Thanks guys, all the other forums I go to never get answers to my questions. I had already figured that it wouldn't be much different, if at all, but I just needed some reassurance.

By the way, KSoD, they still call it RoadRunner where you're at? Man, they dropped that title a long time ago here in Texas. =\
 
Yeah it is still Road Runner here. Part of the Time Warner package.
 
Lol, Yami.

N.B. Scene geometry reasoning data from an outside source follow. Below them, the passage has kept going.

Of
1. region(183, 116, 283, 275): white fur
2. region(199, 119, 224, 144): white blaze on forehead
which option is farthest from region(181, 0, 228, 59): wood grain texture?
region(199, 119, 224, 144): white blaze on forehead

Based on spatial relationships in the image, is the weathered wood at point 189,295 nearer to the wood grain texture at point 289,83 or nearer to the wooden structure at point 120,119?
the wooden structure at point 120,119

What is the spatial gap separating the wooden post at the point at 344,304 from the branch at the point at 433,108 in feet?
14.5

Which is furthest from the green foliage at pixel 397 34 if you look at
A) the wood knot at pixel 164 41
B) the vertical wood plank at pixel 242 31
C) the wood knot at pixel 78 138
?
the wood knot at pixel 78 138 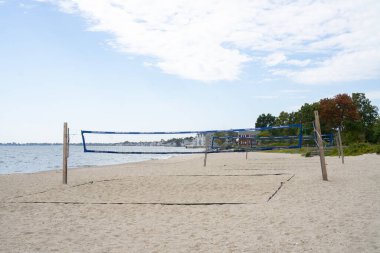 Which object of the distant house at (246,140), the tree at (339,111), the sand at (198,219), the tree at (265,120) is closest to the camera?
the sand at (198,219)

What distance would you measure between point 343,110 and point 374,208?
151ft

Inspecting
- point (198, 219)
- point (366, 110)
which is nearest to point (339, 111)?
point (366, 110)

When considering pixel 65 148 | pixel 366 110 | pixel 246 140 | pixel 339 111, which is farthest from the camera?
pixel 366 110

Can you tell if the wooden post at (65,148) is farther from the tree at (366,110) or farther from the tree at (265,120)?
the tree at (265,120)

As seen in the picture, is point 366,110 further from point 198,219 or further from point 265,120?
point 198,219

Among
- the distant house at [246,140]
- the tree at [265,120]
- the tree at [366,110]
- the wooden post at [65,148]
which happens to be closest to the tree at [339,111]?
the tree at [366,110]

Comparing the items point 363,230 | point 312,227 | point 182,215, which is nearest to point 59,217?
point 182,215

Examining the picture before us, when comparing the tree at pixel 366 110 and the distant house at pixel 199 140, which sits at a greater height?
the tree at pixel 366 110

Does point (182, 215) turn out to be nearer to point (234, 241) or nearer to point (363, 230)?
point (234, 241)

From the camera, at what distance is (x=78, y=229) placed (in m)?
4.22

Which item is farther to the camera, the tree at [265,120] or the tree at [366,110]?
the tree at [265,120]

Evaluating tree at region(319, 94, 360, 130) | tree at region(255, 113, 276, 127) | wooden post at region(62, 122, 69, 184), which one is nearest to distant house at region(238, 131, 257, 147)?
wooden post at region(62, 122, 69, 184)

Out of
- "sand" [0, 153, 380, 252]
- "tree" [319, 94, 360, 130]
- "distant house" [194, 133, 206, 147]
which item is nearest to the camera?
"sand" [0, 153, 380, 252]

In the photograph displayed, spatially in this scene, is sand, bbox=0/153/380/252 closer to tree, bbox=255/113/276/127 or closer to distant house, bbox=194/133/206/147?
distant house, bbox=194/133/206/147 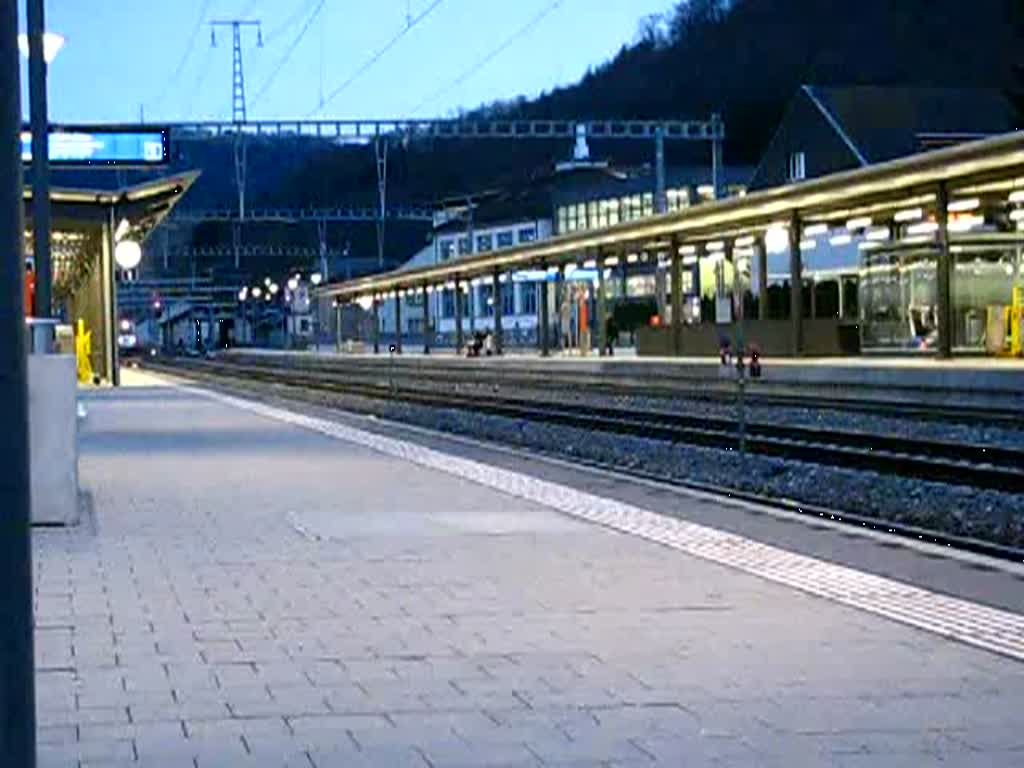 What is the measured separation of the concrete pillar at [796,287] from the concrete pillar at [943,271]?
22.3 feet

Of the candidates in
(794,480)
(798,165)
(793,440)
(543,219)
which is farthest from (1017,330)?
(543,219)

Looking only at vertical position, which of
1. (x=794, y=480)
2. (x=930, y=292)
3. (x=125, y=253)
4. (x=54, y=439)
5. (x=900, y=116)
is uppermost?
(x=900, y=116)

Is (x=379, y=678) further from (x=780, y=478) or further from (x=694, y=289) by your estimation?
(x=694, y=289)

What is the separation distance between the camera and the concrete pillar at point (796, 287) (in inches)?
1779

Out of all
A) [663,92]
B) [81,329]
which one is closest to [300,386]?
[81,329]

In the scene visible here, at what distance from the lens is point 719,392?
3969 centimetres

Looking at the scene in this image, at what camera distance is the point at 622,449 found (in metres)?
24.8

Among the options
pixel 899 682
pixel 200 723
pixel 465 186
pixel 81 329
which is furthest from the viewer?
pixel 465 186

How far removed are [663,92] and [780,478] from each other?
183 feet

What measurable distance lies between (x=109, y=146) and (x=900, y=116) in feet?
150

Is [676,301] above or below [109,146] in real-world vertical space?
below

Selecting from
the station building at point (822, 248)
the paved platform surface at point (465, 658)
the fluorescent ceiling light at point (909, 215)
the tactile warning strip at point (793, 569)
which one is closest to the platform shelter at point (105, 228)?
the station building at point (822, 248)

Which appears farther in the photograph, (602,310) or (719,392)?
(602,310)

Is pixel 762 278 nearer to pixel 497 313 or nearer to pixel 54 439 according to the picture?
pixel 497 313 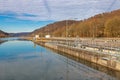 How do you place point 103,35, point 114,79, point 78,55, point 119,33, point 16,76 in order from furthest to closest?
point 103,35, point 119,33, point 78,55, point 16,76, point 114,79

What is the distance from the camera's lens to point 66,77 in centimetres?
2269

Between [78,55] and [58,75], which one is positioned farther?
[78,55]

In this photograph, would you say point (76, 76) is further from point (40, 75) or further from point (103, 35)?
point (103, 35)

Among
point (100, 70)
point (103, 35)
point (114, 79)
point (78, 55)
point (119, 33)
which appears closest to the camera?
point (114, 79)

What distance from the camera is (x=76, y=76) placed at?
2333cm

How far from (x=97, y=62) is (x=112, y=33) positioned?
57.4 m

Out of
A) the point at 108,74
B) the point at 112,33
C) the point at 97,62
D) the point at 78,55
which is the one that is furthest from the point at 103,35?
the point at 108,74

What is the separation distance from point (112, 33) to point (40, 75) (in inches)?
2556

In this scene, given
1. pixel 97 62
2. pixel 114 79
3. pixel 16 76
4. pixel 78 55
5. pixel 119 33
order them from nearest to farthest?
pixel 114 79, pixel 16 76, pixel 97 62, pixel 78 55, pixel 119 33

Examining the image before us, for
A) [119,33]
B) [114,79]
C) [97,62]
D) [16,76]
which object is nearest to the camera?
[114,79]

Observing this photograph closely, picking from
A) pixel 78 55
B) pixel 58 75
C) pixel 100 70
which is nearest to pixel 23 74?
pixel 58 75

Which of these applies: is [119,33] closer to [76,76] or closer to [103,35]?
[103,35]

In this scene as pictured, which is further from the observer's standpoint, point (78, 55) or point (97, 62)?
point (78, 55)

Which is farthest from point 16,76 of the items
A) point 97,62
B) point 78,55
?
point 78,55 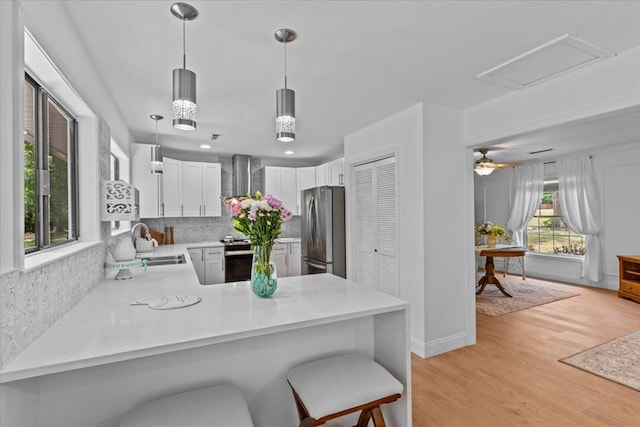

I get the same speeds. :D
Though, I'm not paying for 4Mb/s, so kudos on that.
I've never really had any trouble with my router, but the thought of something a little more controlled and "faster" was nice to have.

Over here, they're calling themselves Comcast now and just call it Hi-Speed Broadband or something. I miss the RoadRunner icon. Btw, just to poke fun, I'm getting 4 Mb/s less than you are, but my ping was, like, 7.


:D
It's definitely throttled at 22, though.
 

:D
That's the internet at my grandparent's house, where I am currently on holiday. My home internet is only twice as good (though we're getting 40Mb fiber sometime in the next couple months).